Good morning Cincy. Let’s talk news, shall we?
A Cincinnati Police officer testifying for the prosecution in the Ray Tensing retrial Friday said that she believed Tensing’s shooting of unarmed black motorist Sam DuBose "may be determined to be justified." Sgt. Shannon Heine was one of two CPD officers who interviewed Tensing after the shooting in July 2015. Heine also said that she didn’t see anything in the body camera video of the incident that contradicts Tensing’s version of events the day of the shooting. Tensing initially told fellow officers that he feared for his life because DuBose had dragged him with his car before the shooting occurred. The video does not show that, however. Tensing’s retrial continues today with expert witnesses testifying about that video.

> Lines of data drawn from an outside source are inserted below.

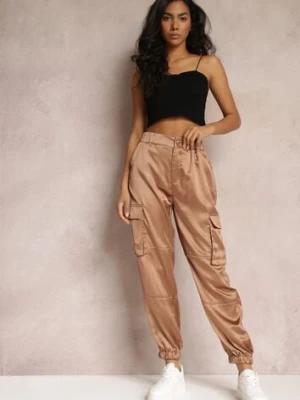 Ciemnobeżowe Spodnie Joggery z Kieszeniami Cargo na Rzep Jeandal hello miss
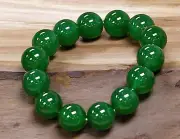 6/8/10/12mm Natural Grade Green Jade Jadeite Round Beaded Bangle Bracelet
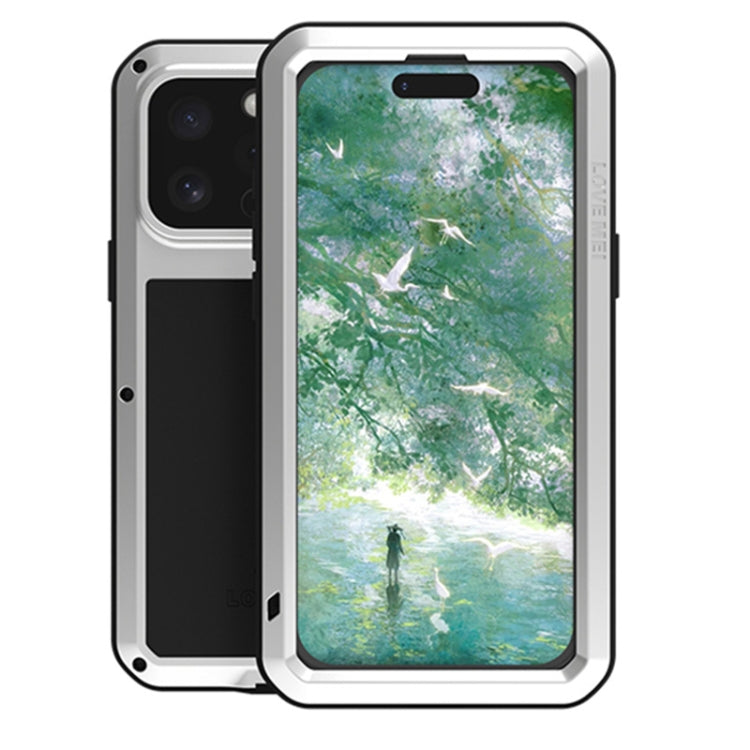 For iPhone 16 Pro Max LOVE MEI Metal Shockproof Life Water-resistant Dustproof Phone Case(Silver)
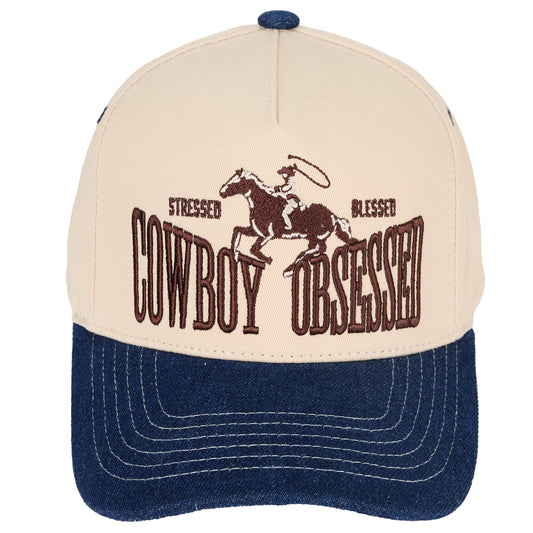 COWBOY OBSESSED Trucker Cap Dark Denim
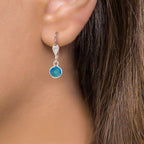 Drop Earrings Hypoallergenic Crystal Blue, 2 Stones, 6 mm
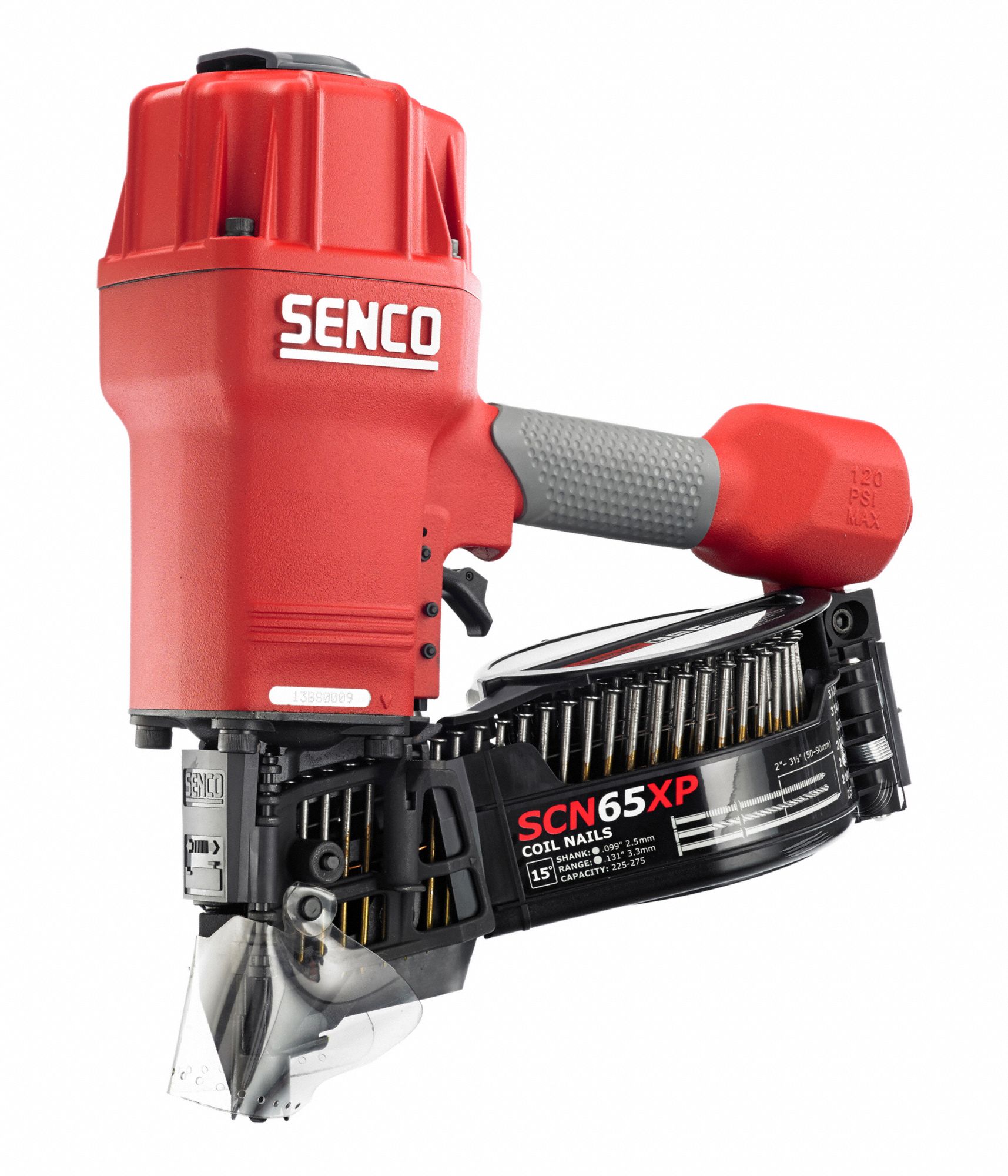 SENCO Air Powered, Nail Gun, Bump Firing Mode, 120 psi 48LR11SCN65XP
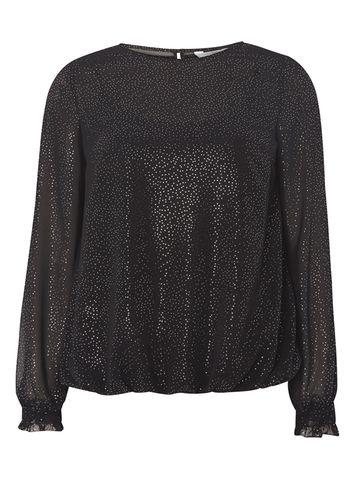 Dorothy Perkins Petite Black Silver Spotted Blouse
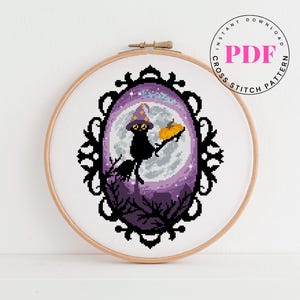 Cat cross stitch pattern Halloween cross stitch spooky cross stitch goth cross stitch Digital Format - PDF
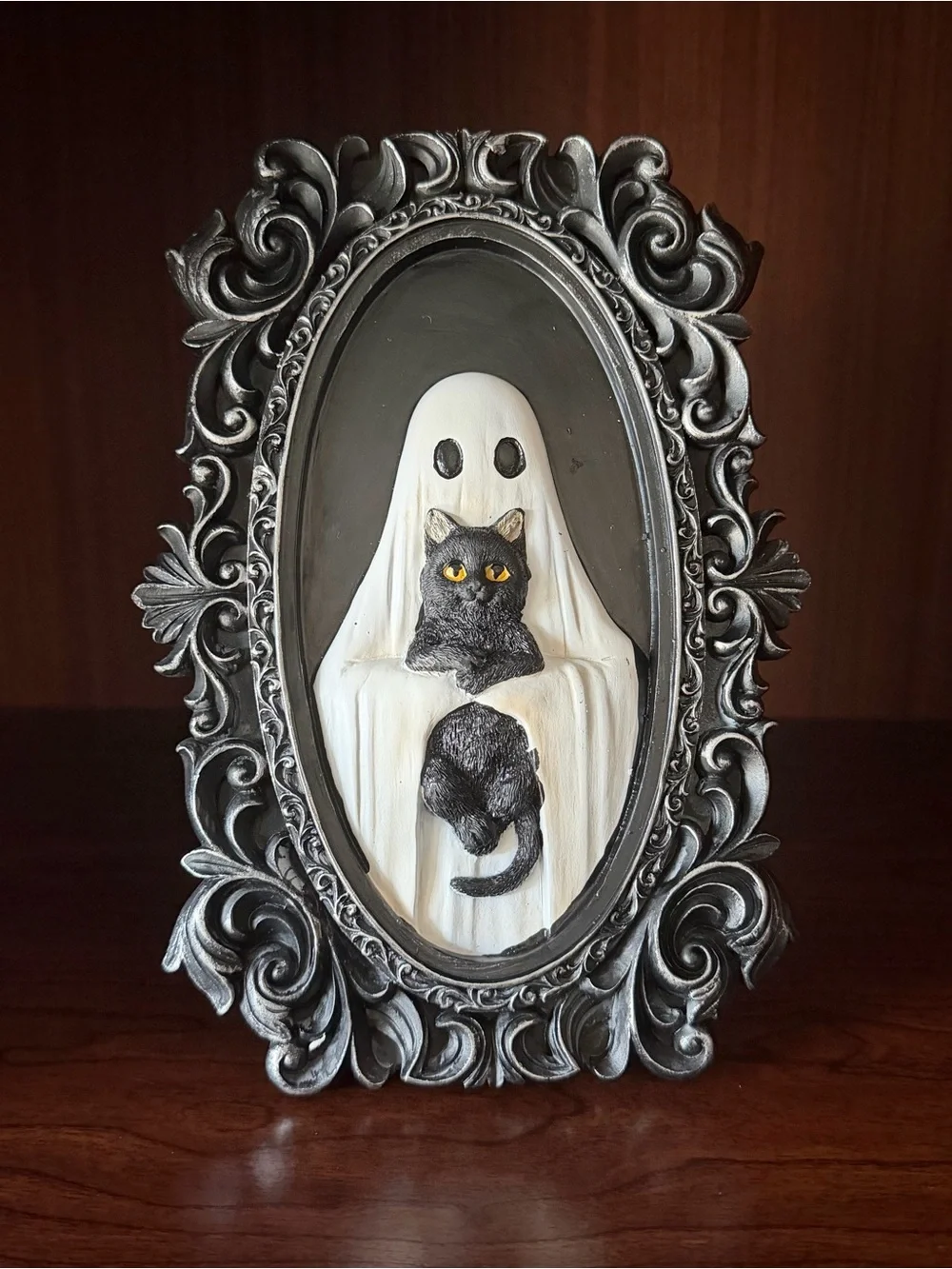 Halloween Ghost Holding Cat Oval Frame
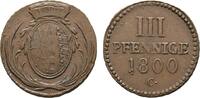 Sachsen-Albertinische Linie Cu 3 Pfennig Friedrich August III. 1763-1806 -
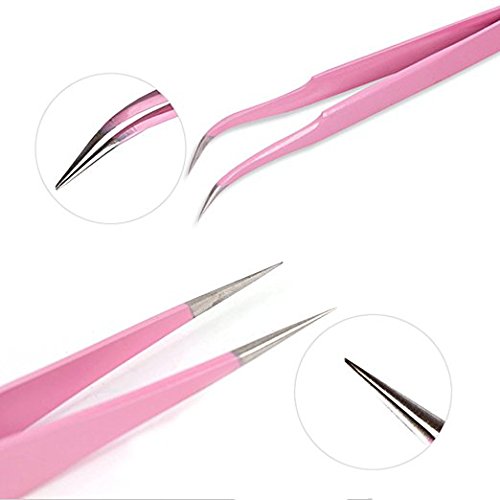 VNDEFUL 2 Pcs Pink Stainless Steel Tweezers for Eyelash Extensions, Straight and Curved Tip Tweezers Nippers, False Lash Application Tools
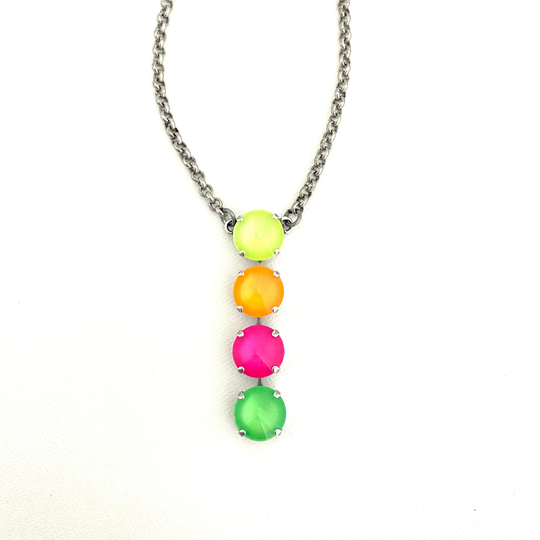 Electric Neon Crystal Four Stone Drop Necklace ~ 12mm Antique Silver Hot Pink Lime Green Orange & Yellow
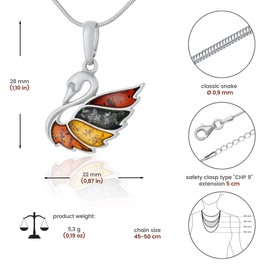 AMBEDORA Women's Swan Necklace with Amber, Polished Sterling Silver, Natural Colourfull Baltic Amber, Silver Pendant with Chain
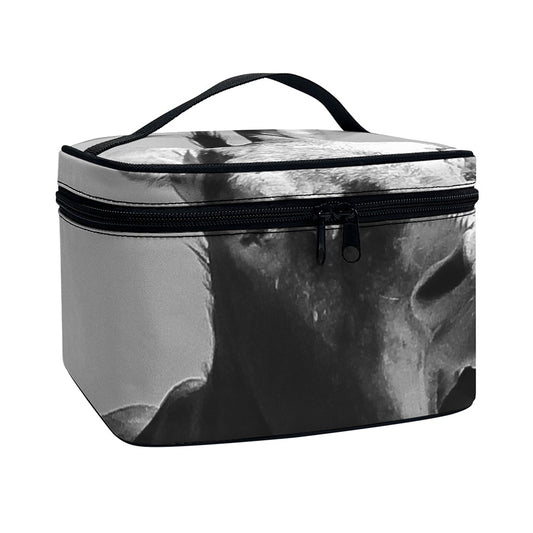 Black And White Funny Donkey Print Travel Makeup Bag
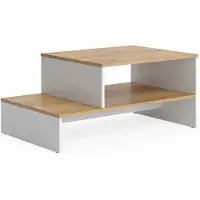 Vicco Table basse Amely Chêne doré/blanc 90x55cm avec étagère, Model 56267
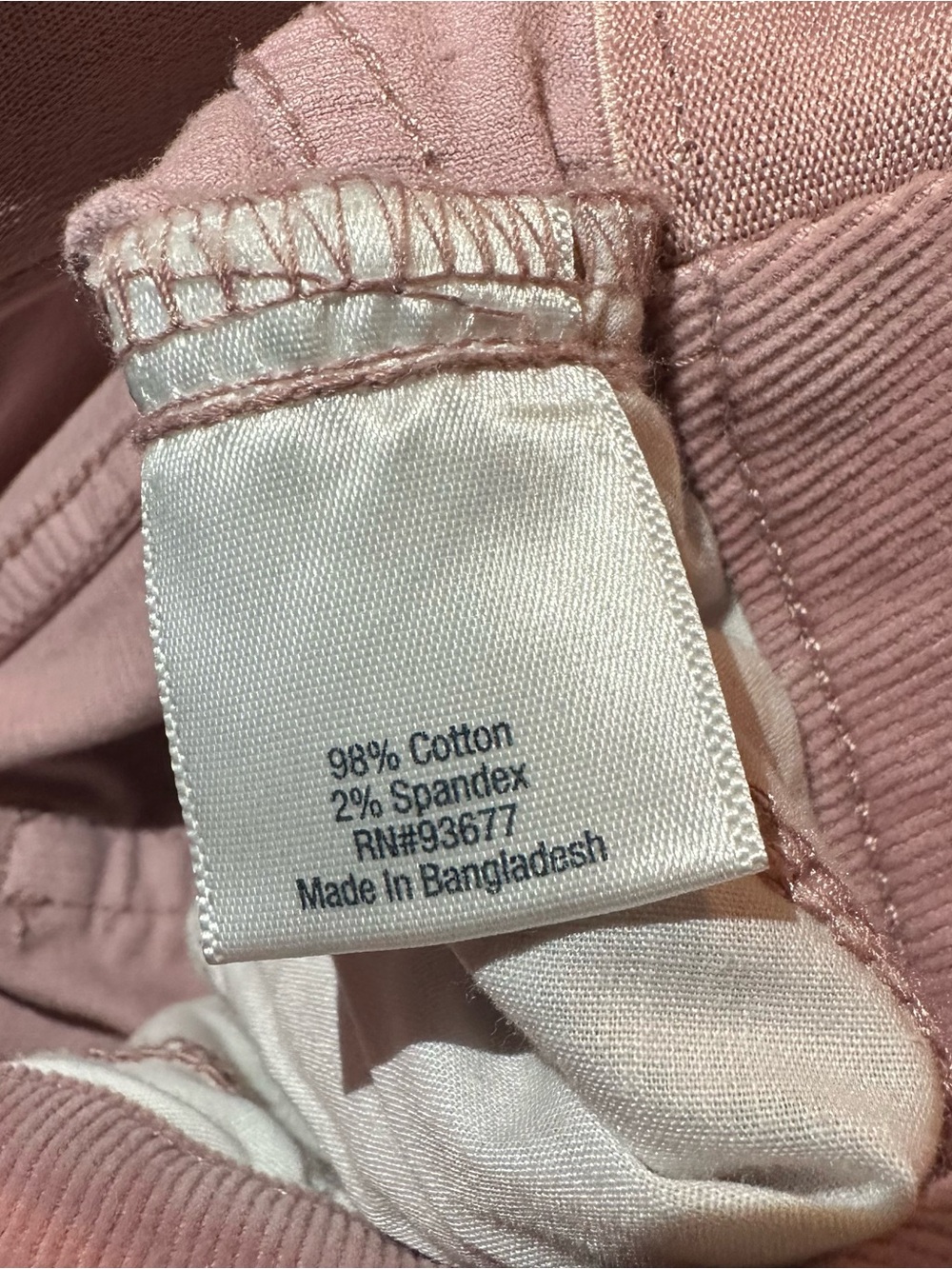 NWOT St JOHNS BAY Pink Corduroy Straight-Leg Pants Sz 8 New unused Blush Pink - Picture 3 of 3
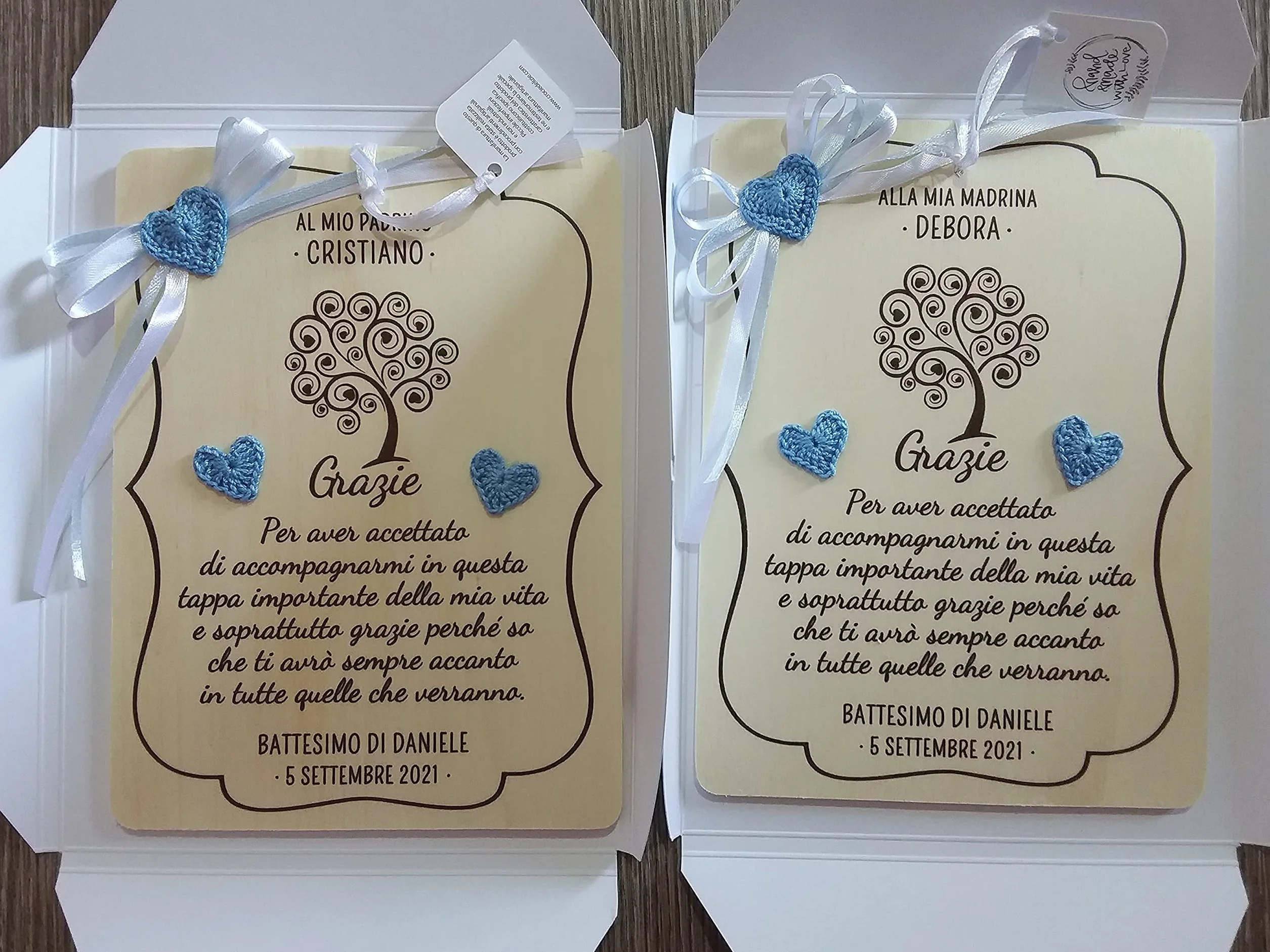 Targa targhetta ricordo per madrina padrino battesimo cresima idea regalo personalizzata nome e data con scatola regalo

• The owner and another high-level official of Newtown’s Evans Landscaping are facing a federal indictment on fraud charges, a U.S. attorney and FBI officials revealed Friday. Evans owner Doug Evans and the company’s vice president Jim Bailey are named in the indictment, which alleges that the company set up another front enterprise, Ergon Site Construction, in order to win bids with minority contracting requirements. Ergon is ostensibly owned by Korey Jordan, a former Evans employee. But federal officials say that Evans provided money to start the company, performed much of the work it undertook, and simply used the entity as a way to gain more than $2 million in city contracts for building demolitions. Evans denies the charges.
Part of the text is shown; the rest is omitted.